Friday 5 July 2013

Wind farm beats Kusile to grid

business.iafrica.com
21 May 2013

With South Africa's electricity woes becoming more pressing, power utility Eskom has won the National Energy Regulator's (Nersa's) approval to build a R2.4 billion wind farm in the Western Cape. Construction will start later this year, with the wind farm set to deliver up to 100MW of electricity by the end of next year-beating the R170 billion Kusile power station onto the grid.

Eskom said on Monday the project, situated at Koekenaap in the Vredendal area, would enter full commercial production by the end of next year. Increasing energy supply has become critical for the power utility. It warned last month that South Africa would face tight supply during winter.
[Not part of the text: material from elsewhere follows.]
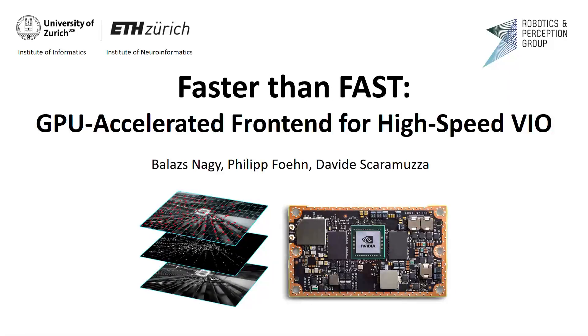Hello everybody, my name is Balazs from the Robotics and Perception Group at the University of Zurich. I'm presenting our work about a graphics processing unit or GPU accelerated frontend for high-speed visual inertial odometry.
The wind farm is part of the Department of Energy's drive to add 3725MW of generating capacity from renewable sources, mainly wind and solar, by 2018.
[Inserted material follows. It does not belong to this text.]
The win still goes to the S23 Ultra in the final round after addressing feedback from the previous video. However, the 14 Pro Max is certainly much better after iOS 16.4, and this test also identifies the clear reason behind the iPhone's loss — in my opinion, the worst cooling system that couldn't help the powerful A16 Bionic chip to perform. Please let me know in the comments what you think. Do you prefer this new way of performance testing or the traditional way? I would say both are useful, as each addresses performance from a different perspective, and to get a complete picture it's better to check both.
Eskom CEO Brian Dames said the cost of the project compared favourably with the R1.14/kW that the government would pay independent power producers (IPPs) for their renewable energy in the first round. The cost of power dropped to 89.7¢/kW in the second round of the IPP, for which agreements were finalised two weeks ago.

In February, Nersa granted Eskom an 8%/year tariff increase for the next five years, taking the cost of electricity to 89.13¢/kW at the end of March 2018.

"This comes below the cost of IPPs and is good news for us", Eskom spokesperson Hilary Joffe said. The project has been funded by development finance institutions, including the World Bank, African Development Bank, Clean Technology Fund and Agence Francaise de Developpement. "That has lowered the cost of funding", Ms Joffe said.

Industrial company Siemens will build and install the wind turbine generators, and then hand them over to Eskom to run, Ms Joffe said. The first power will come onstream during the first half of next year.

That will be well ahead of the 4800MW Kusile coal-fired powered station that Eskom is building at an estimated cost of R170 billion in the Mpumalanga province. The company initially expected the station to start producing power next month, but that projection was pushed back to the end of next year.